PO91Q-20 Fundamentals of Quantitative Research
Introductory description
This module has two main aims: to provide an introduction to secondary data acquisition, management and analysis in the social sciences; prepare to acquire further statistical training and make use of statistics in future research projects. It consists of nine weeks of teaching. Seminars are designed as discussions on theory and concepts, as well as ‘hands-on’ computer workshops, giving direct experience of exploring and analysing data in the free R environment.
The module introduces to different kinds of data, such as individual surveys, country-level aggregate data, corporate statistics, administrative records, and data collected online. In class, we primarily work with survey data and country-level aggregate data.

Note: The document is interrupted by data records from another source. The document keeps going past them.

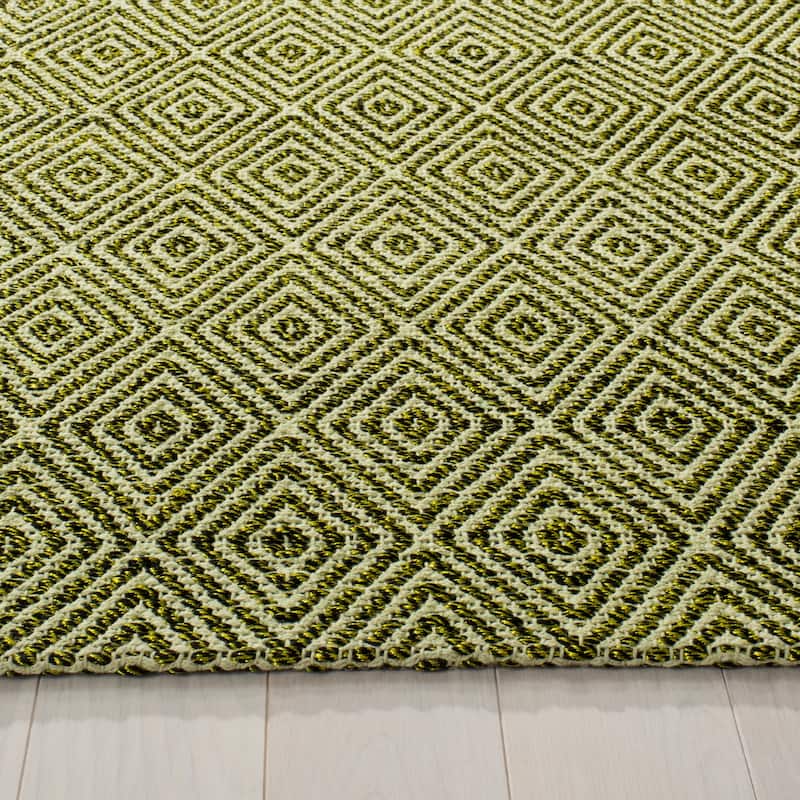 SAFAVIEH Handmade South Hampton Wida Casual Polyester Rug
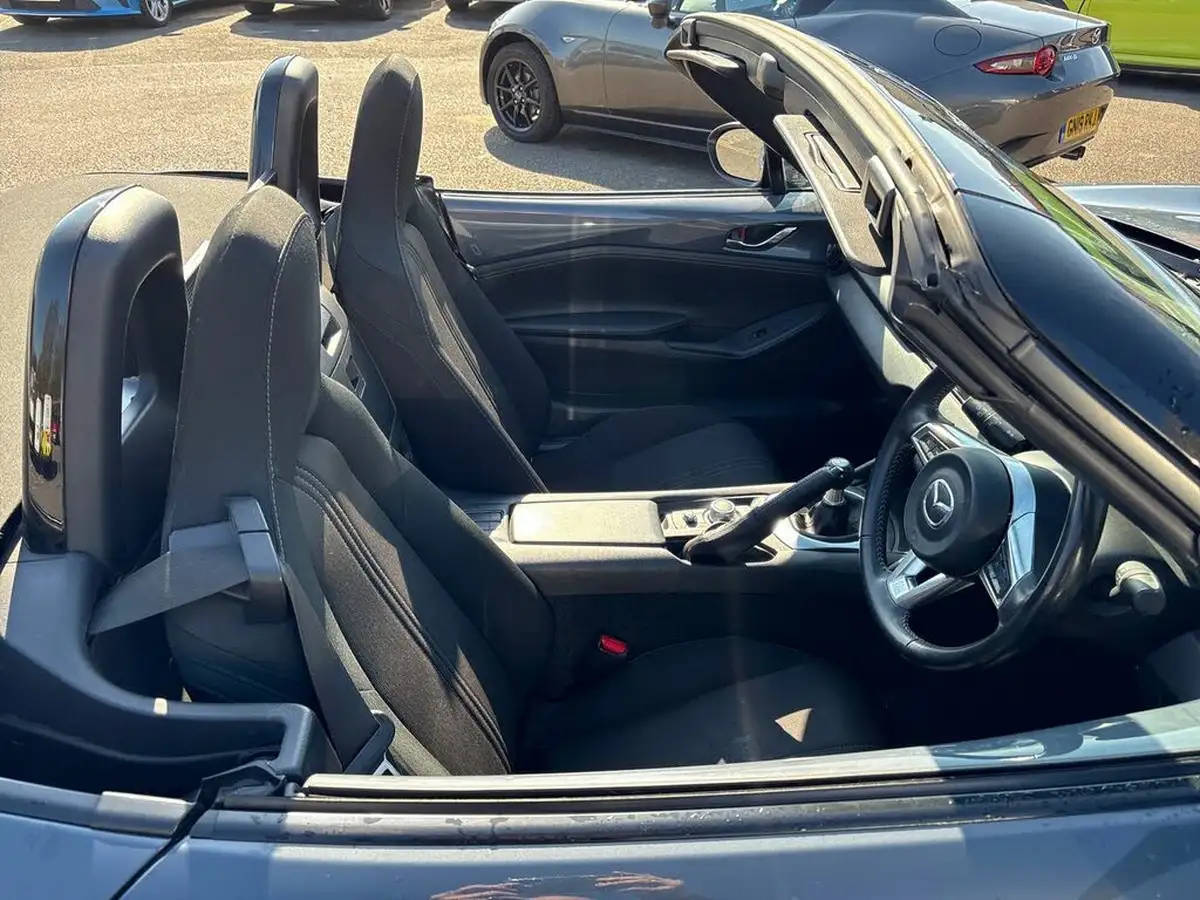 2021-mazda-mx-5-15-se-l-rf-big-42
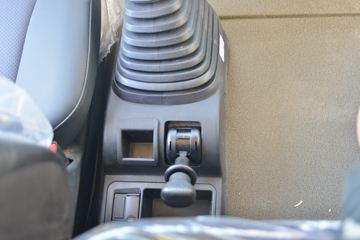 �й����� HOWO TX 340���� 8X4 7.5�����������賵(ZZ5317GJBN306GE1H)ͼƬ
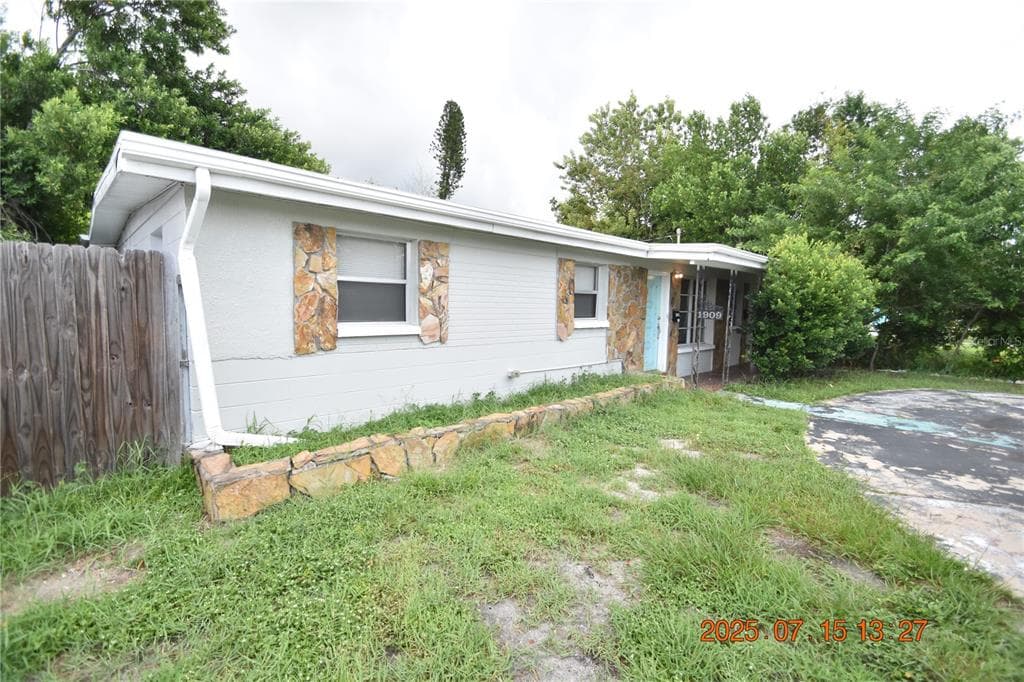 1909 13TH AVENUE S ST PETERSBURG, FL 33710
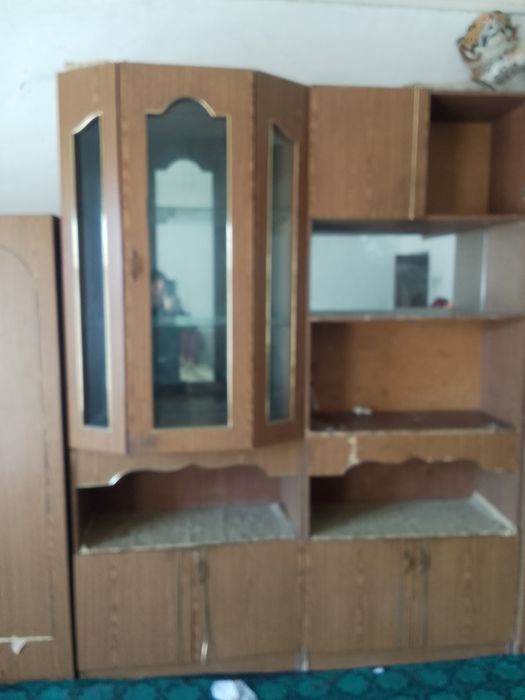 Мебел стенка сотилади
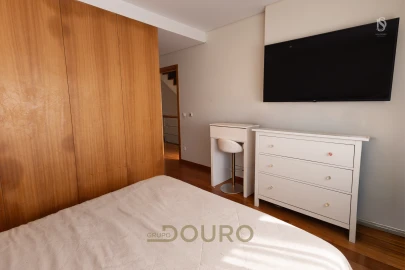 Moradia T4 para Venda em Grijó e Sermonde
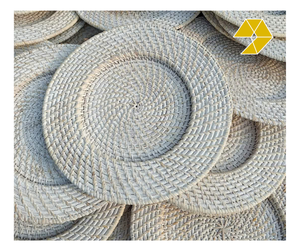 Plato de Ratán Blanco Tejido a Mano para Mesa de Comedor, Plato Decorativo Organizador, Plato de Ratán Blanco de 33 cm - Product Image 1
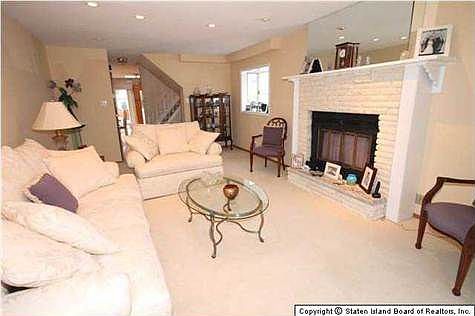 5th image of 40 Mulberry Ave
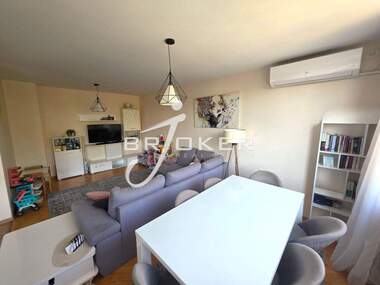 Vânzare - Apartament în Țentăr,  Kărdjali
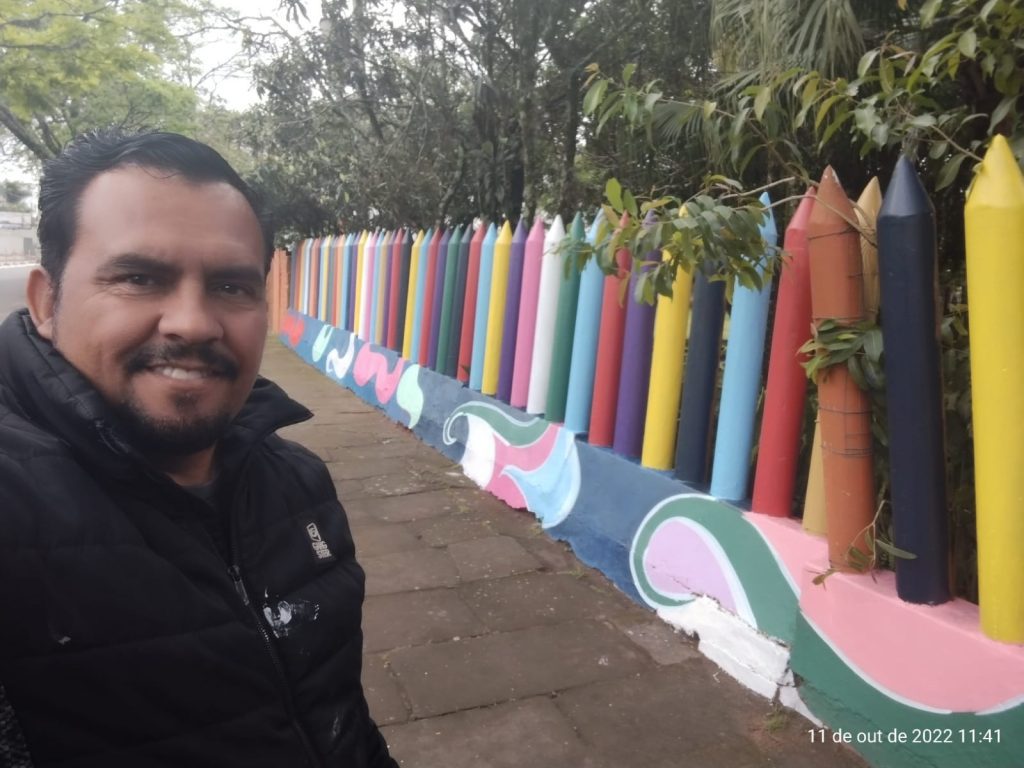 Ex-aluno de tradicional escola hamburguense decide reforma-lá toda ela de graça: “É por amor” IMG 20221011 WA0086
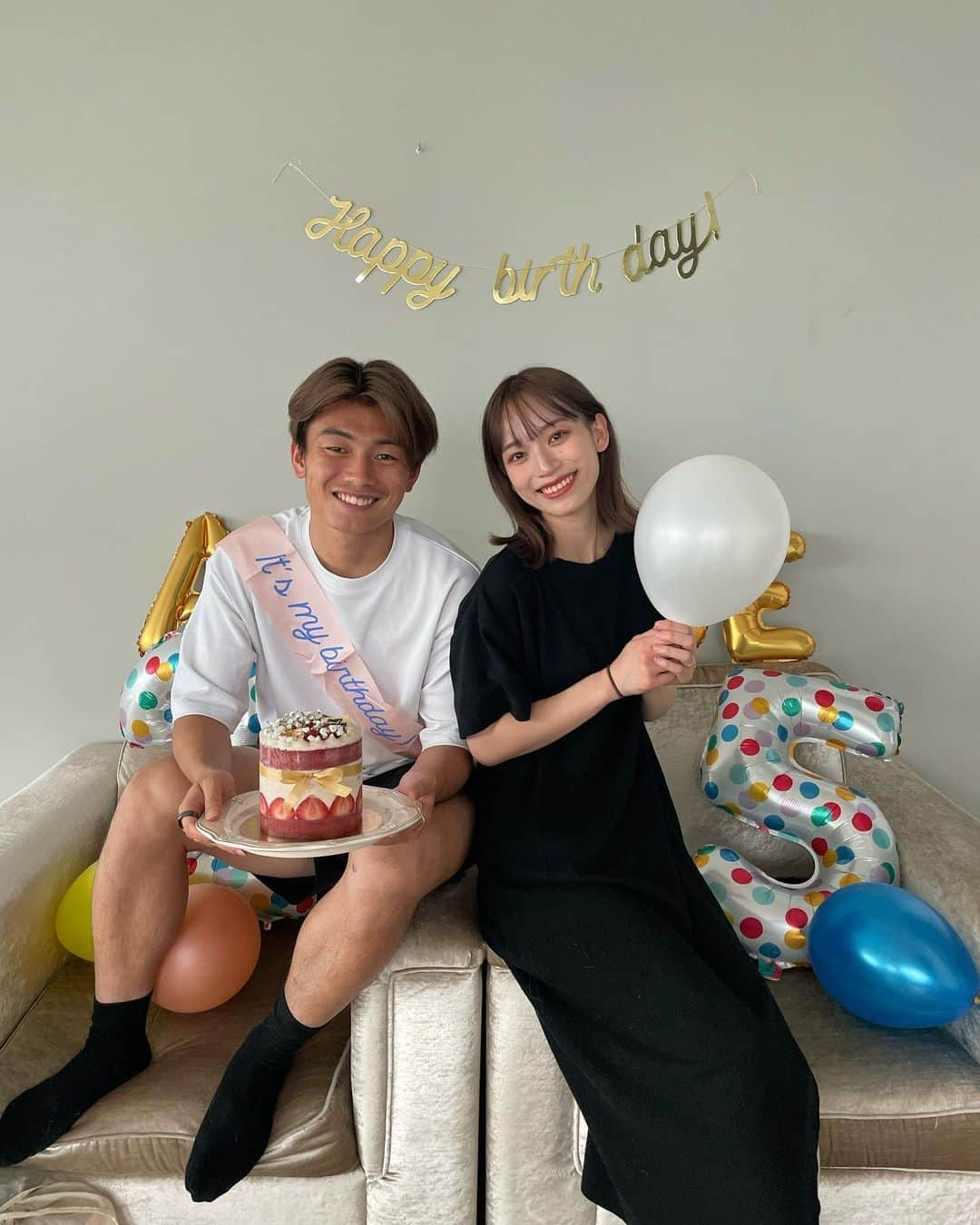 上田綺世のインスタグラム：「25歳になりました！ お祝いしてくれた方ありがとうございました！  でも今年から誕生日が複雑な気持ちになってきました。 もう25歳か。  #上田綺世 #9 #rotterdam」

This module does not require any prior knowledge of mathematics or statistics. You only need to understand the importance of statistics for empirical social sciences, and show willingness to learn about them. Great importance is placed on understanding how each method works and how we can apply it to real-word research problems in practice. You will be invited to use in this module skills that you have been developing in other domains, that is, logical and causal reasoning, research design, reading and writing. Statistical reasoning and computer languages require a good command of natural language (in this case, English), as in any other module.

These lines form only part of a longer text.